**Caption-style text data**

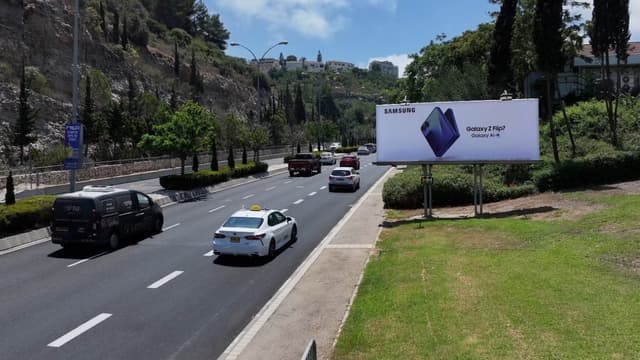 מה מוכרים לנו? שלטי חוצות בחיפה והקריות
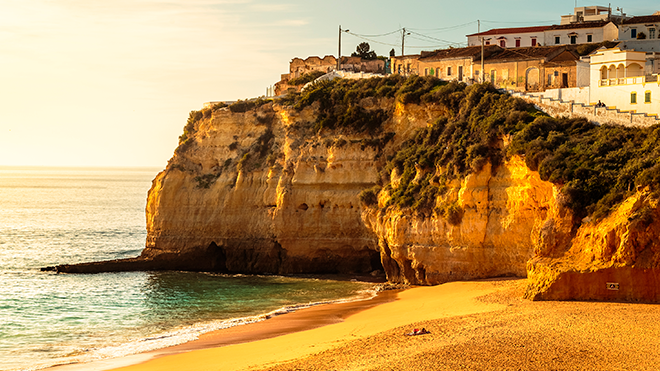 Sol-e-mar_miguelsantos1986Algarve_shutterstock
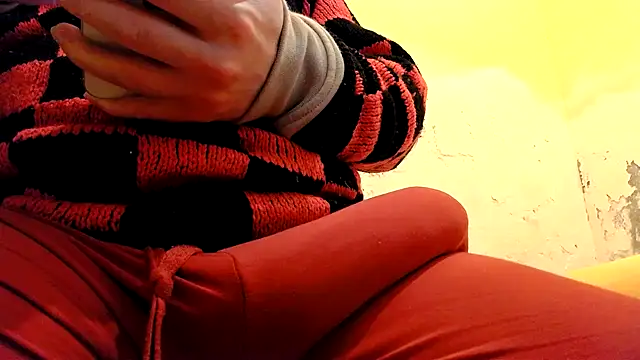 Snapshot of gae89tano chatting on January 13, 2026, 9:52 pm gae89tano online show from January 13, 2026, 9:52 pm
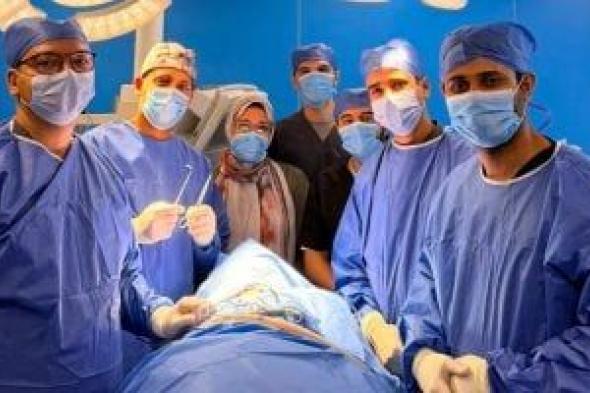 إنقاذ
مريض
بجرح
قطعى
نافذ
وتهتك
بالقصبة
الهوائية
داخل
مستشفى
بنها
الجامعى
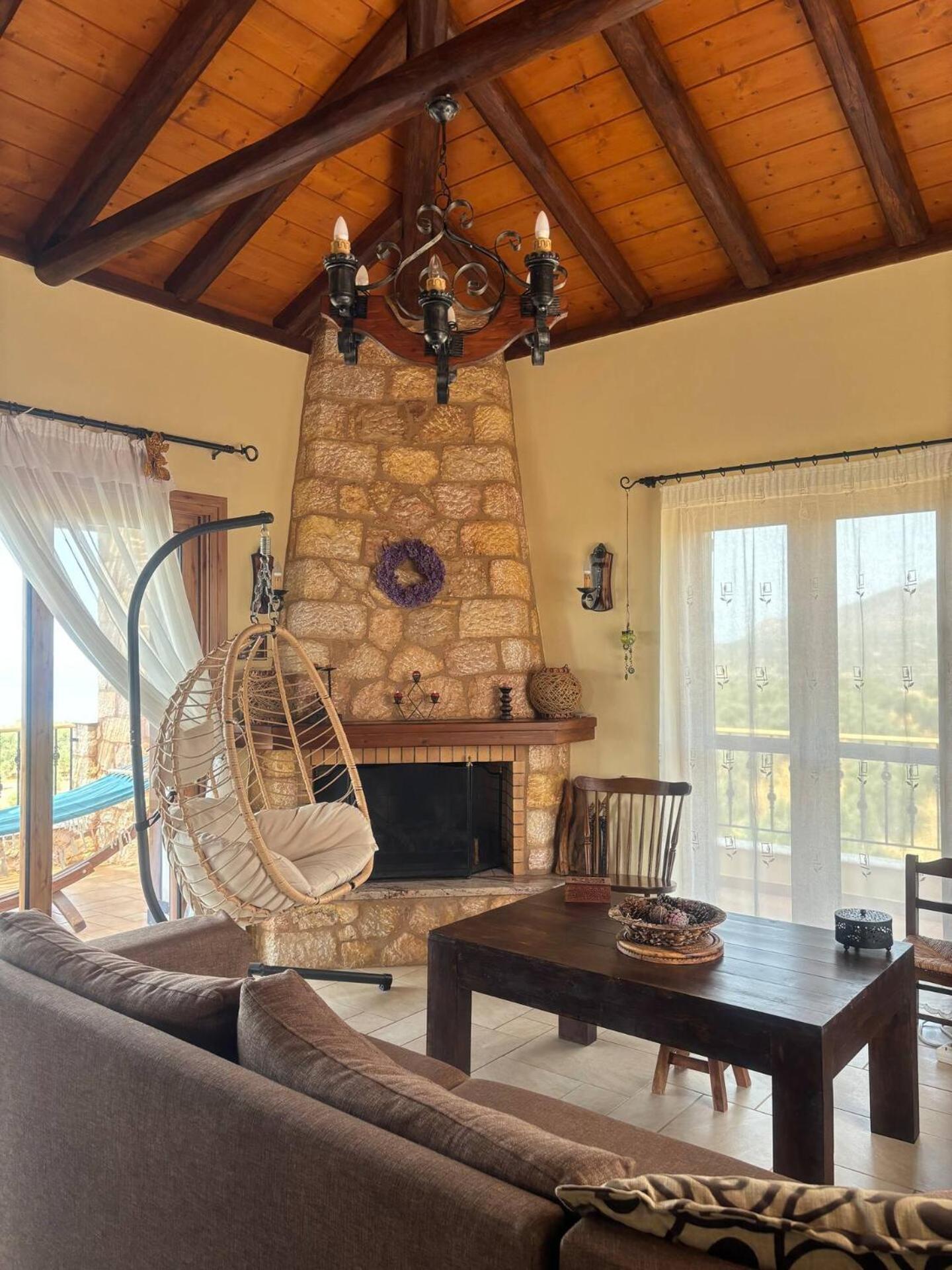 Villa “villa Othon-leni” *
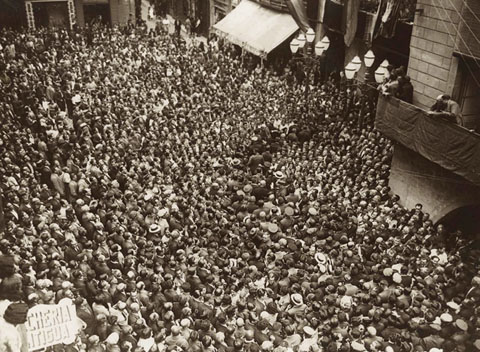 Multitud de gent aclamant la pres&egrave;ncia del president Francesc Maci&agrave; a la pla&ccedil;a del Vi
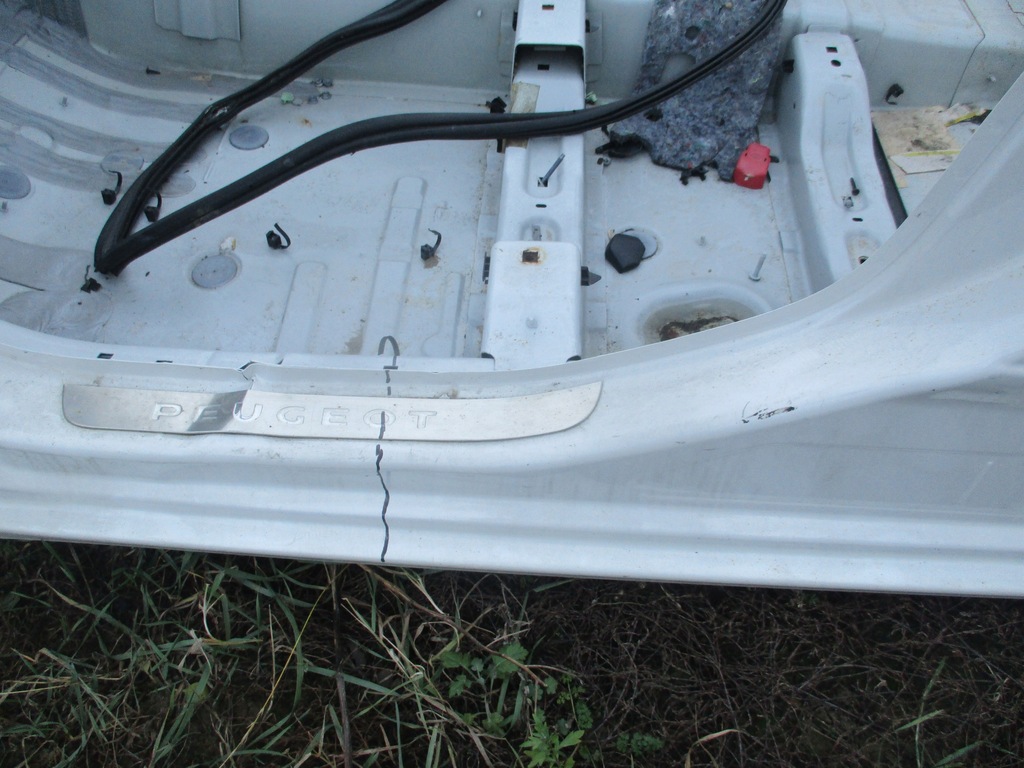 фото №7, Блок двигателя средний левый peugeot 5008 i 09-16r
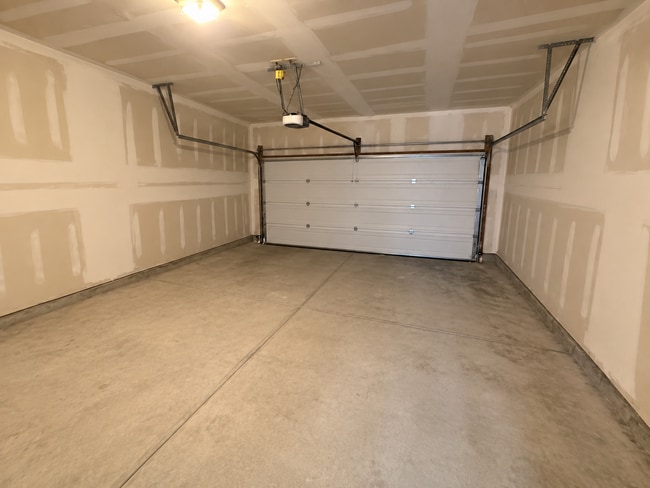 Building Photo - 336 Eagle Feather Loop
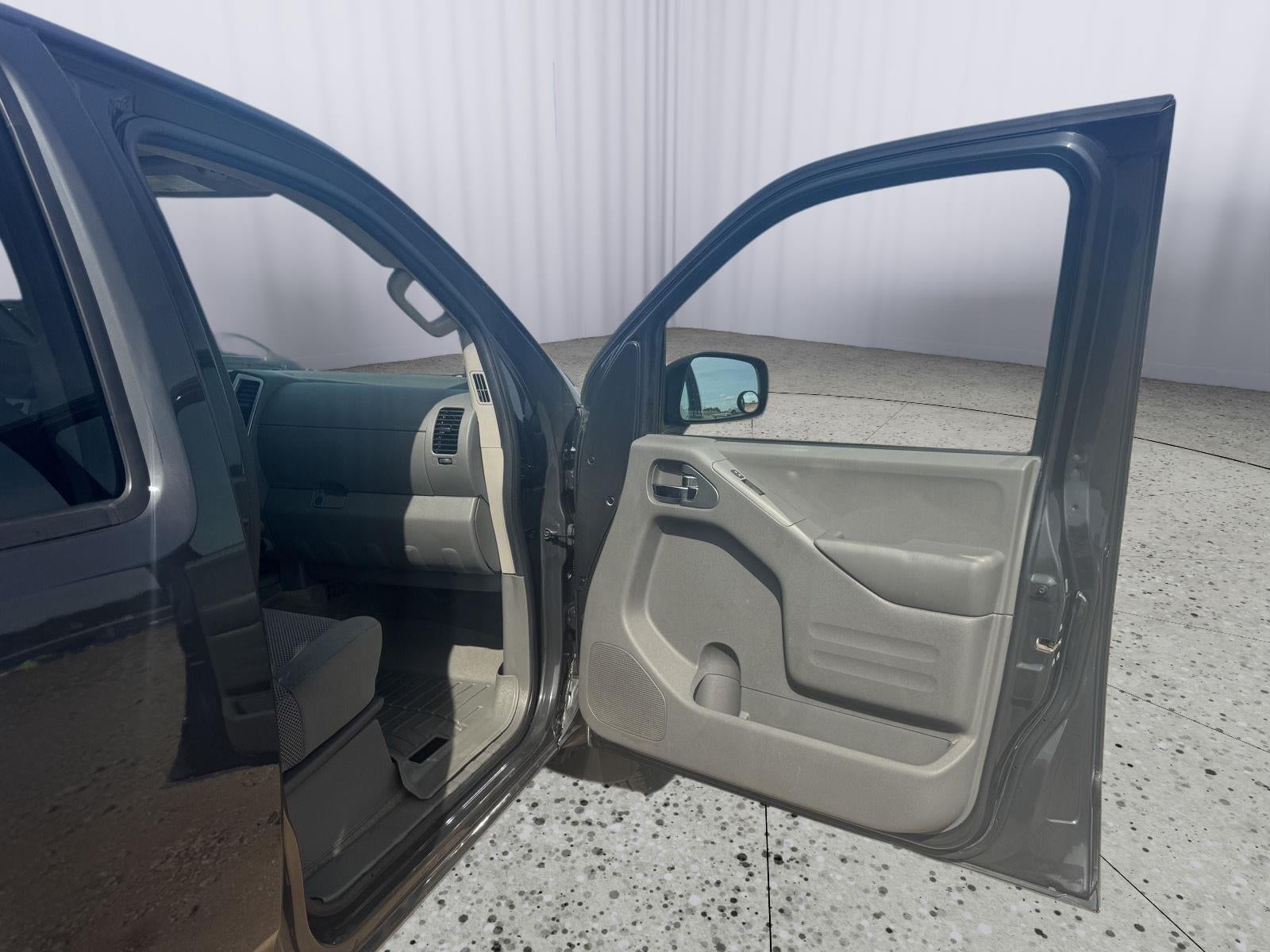 2015 Nissan Frontier SV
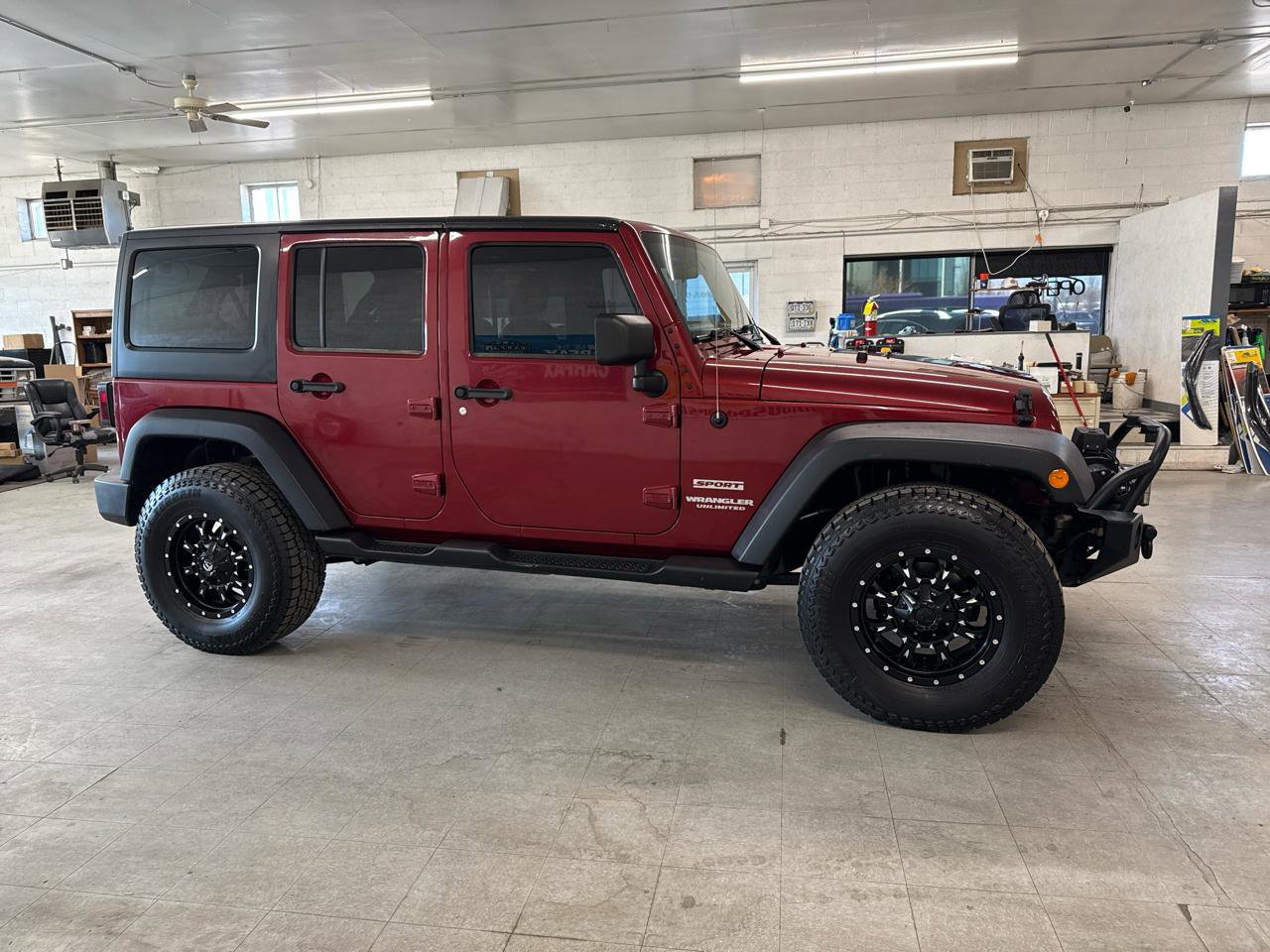 Used 2012 Jeep Wrangler Unlimited Sport image 5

**WHAT NEEDS TO BE DONE**
The copy you produce must match the entries above exactly, except that it has no pictures.

**EXERCISE RESPONSE**
 מה מוכרים לנו? שלטי חוצות בחיפה והקריות
 Sol-e-mar_miguelsantos1986Algarve_shutterstock
 Snapshot of gae89tano chatting on January 13, 2026, 9:52 pm gae89tano online show from January 13, 2026, 9:52 pm
 إنقاذ
مريض
بجرح
قطعى
نافذ
وتهتك
بالقصبة
الهوائية
داخل
مستشفى
بنها
الجامعى
 Villa “villa Othon-leni” *
 Multitud de gent aclamant la pres&egrave;ncia del president Francesc Maci&agrave; a la pla&ccedil;a del Vi
 фото №7, Блок двигателя средний левый peugeot 5008 i 09-16r
 Building Photo - 336 Eagle Feather Loop
 2015 Nissan Frontier SV
 Used 2012 Jeep Wrangler Unlimited Sport image 5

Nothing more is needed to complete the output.